Thursday, August 25, 2005

 

One Things For Sure -- It'll Be A Zoo

There's a lot of speculation about how the Roberts nomination hearings are going to go. OpinionJournal wonders if it's going to go Thomas or Bork.
John Roberts's nomination looked at first more like the Thomas fight than the Bork one, with liberal complaints of a limited paper trail, efforts to invade his family's privacy, and a dishonest attack by feminists. But 75,000 pages of documents later, liberals have as much to attack Judge Roberts on as they did Judge Bork. Targets of opportunity are more pithy and witty, but no less a treasure trove of issues. Documents recording Mr. Roberts's policy-shaping opinions over 12 years of executive branch service have revealed his views on as far-ranging a set of history-shaping interventions as the Senate has ever before scrutinized for any Supreme Court nominee.

It turns out that behind the mild-mannered judicial Clark Kent who appeared with President Bush last July is a conservative Superman. Some supporters find his lack of scarring over the years reason for suspicion, as well as his minor roles in some liberal causes. But Robert Bork received much more serious Republican fire.

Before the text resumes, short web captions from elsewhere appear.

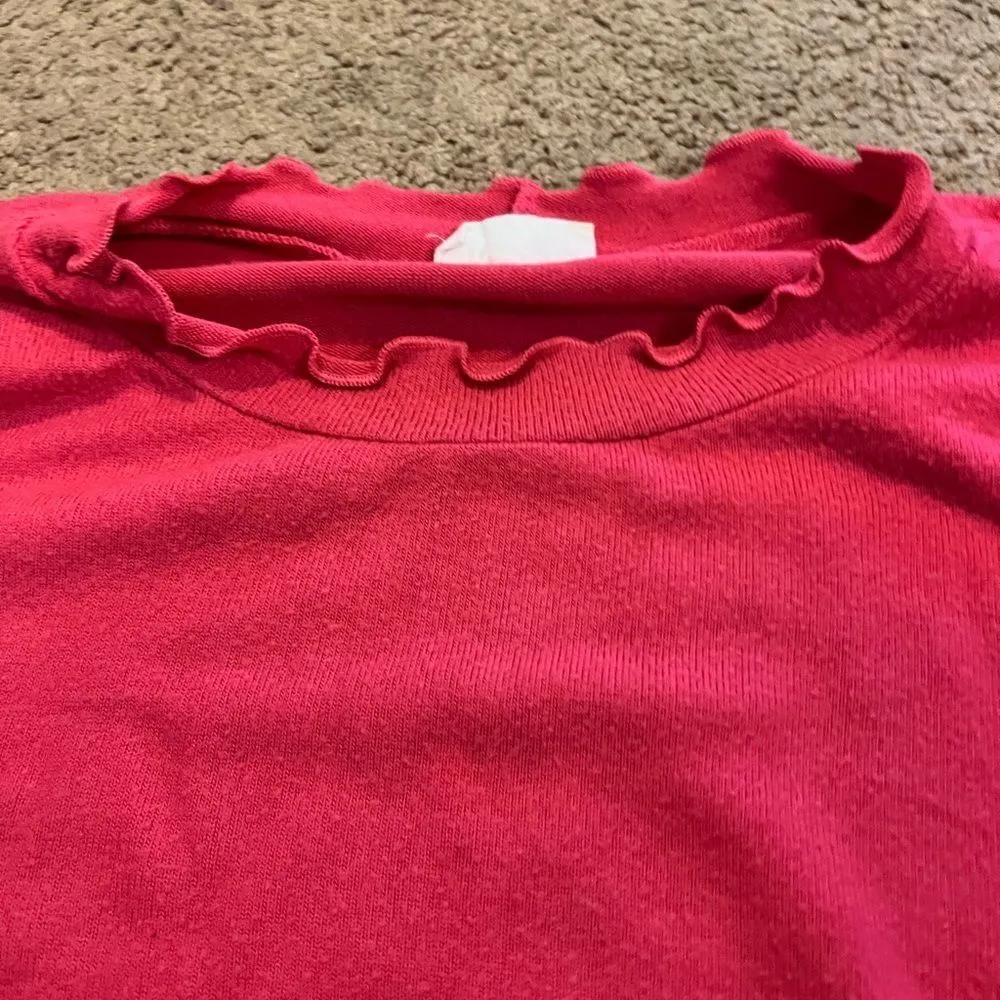 Lna large pink top - Image 7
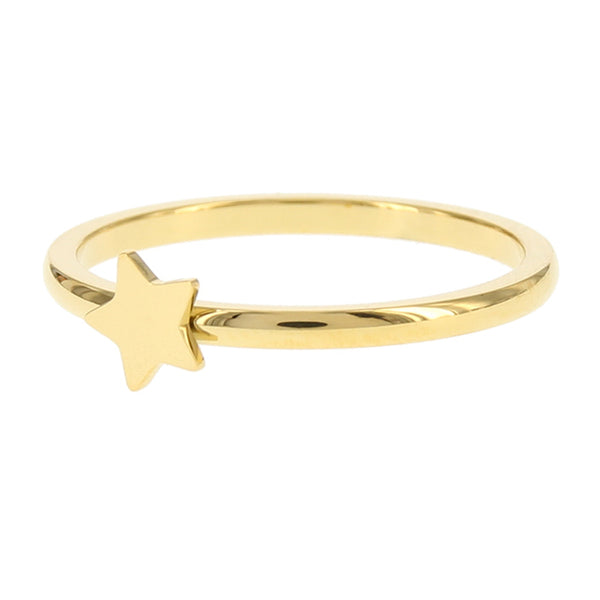 Ring Star - Gold or Silver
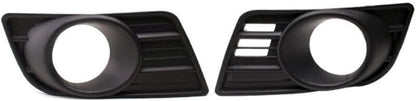 ya 10 9.16 zhengce A pair of front fog lamp bezel trim covers for 2007 2008 2009 2010 for Suzu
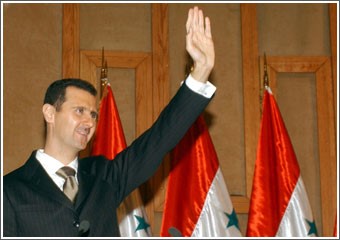 الأسد: اعترفنا دائماً باستقلال لبنان وننتظر تشكيل الحكومة لبحث فتح السفارة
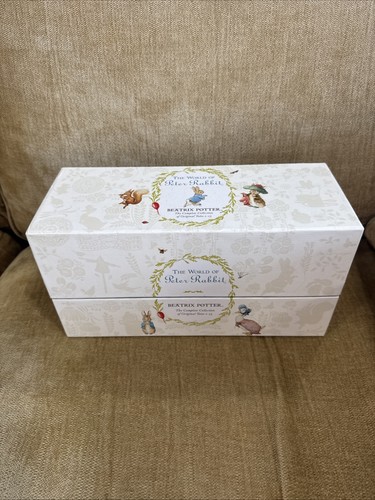 The world peter rabbit - world,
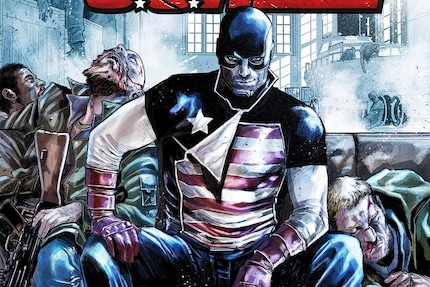U.S. AGENT, Volume 1, Issue 1, November 2020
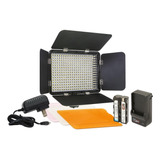 Vidpro Led-330 Kit De Iluminación Para Fotografía Y Vídeo - 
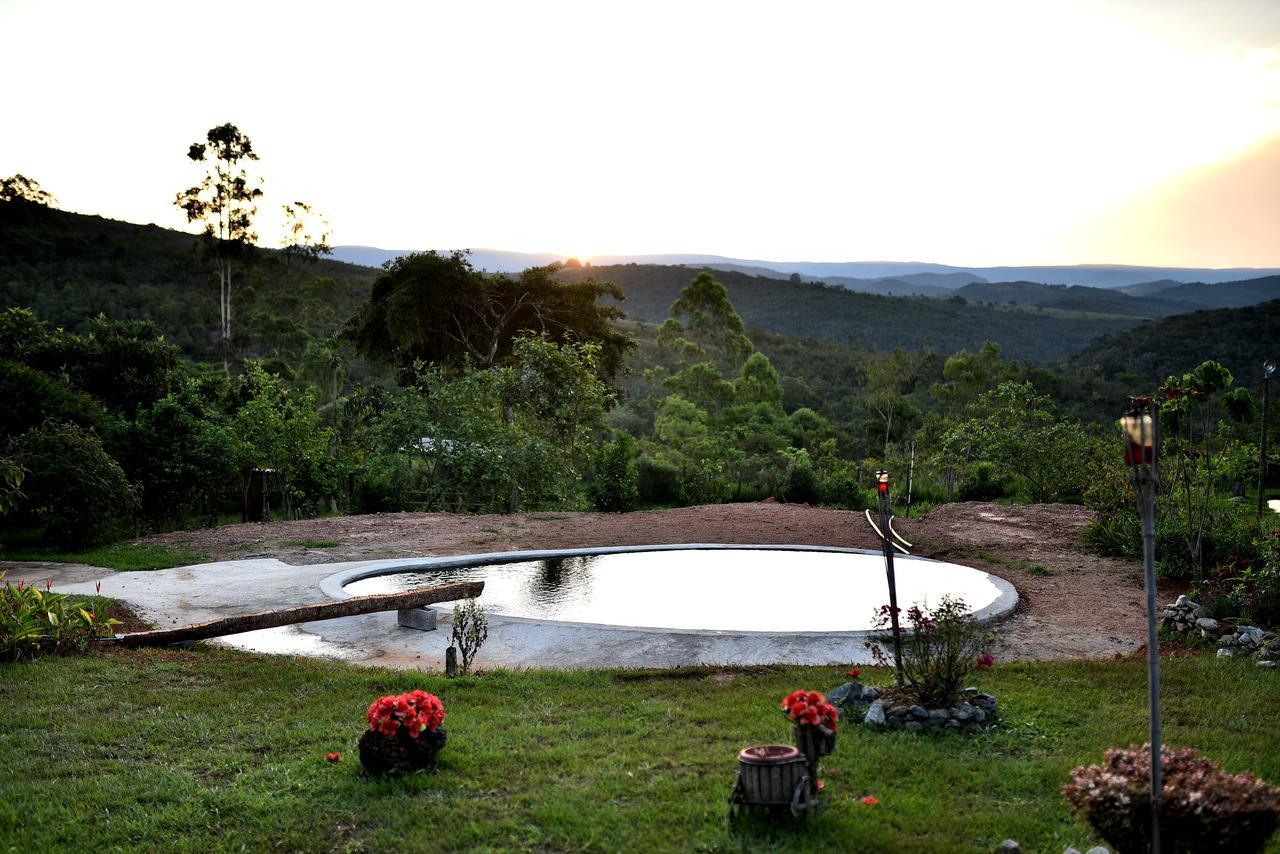 Pousada Por-Do-Sol Conceicao do Mato Dentro Luaran gambar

Yet even though the Bork fight shows us the direction in which the Roberts fight may go, Judge Roberts's confirmation is all but inevitable, barring some scandal--and for only one reason: Democrats do not control the Senate. That is a lesson that Democrats will trumpet in a few weeks, and that Republicans should as well. Republicans also should be careful not to think that Judge Roberts's confirmation is due to anything else but that. The Democrats will fail to block Judge Roberts not because he's a "moderate" or a "stealth nominee," but simply because they don't have the votes.
While WaPo points to Arlen Specter hinting that he is going to use the hearings to complain about the court in general.
The comments mark the second time this month that Sen. Arlen Specter (R-Pa.) has signaled plans to use Roberts's confirmation hearing as a forum for sharply criticizing what Specter describes as the high court's tendency to denigrate Congress's thoroughness and wisdom in passing various laws. Specter's questions could present Roberts with the difficult choice of disagreeing with the committee chairman or rebuking justices he hopes will soon be his colleagues. The committee's hearing begins Sept. 6.
The more the media zeroes in on the hearings the more people are going to try and makes points about everything from old court decisions to the flavor of new Coke Zero. For those of us that support the Roberts nomination, it is going to be very important to stay focused on the central issues.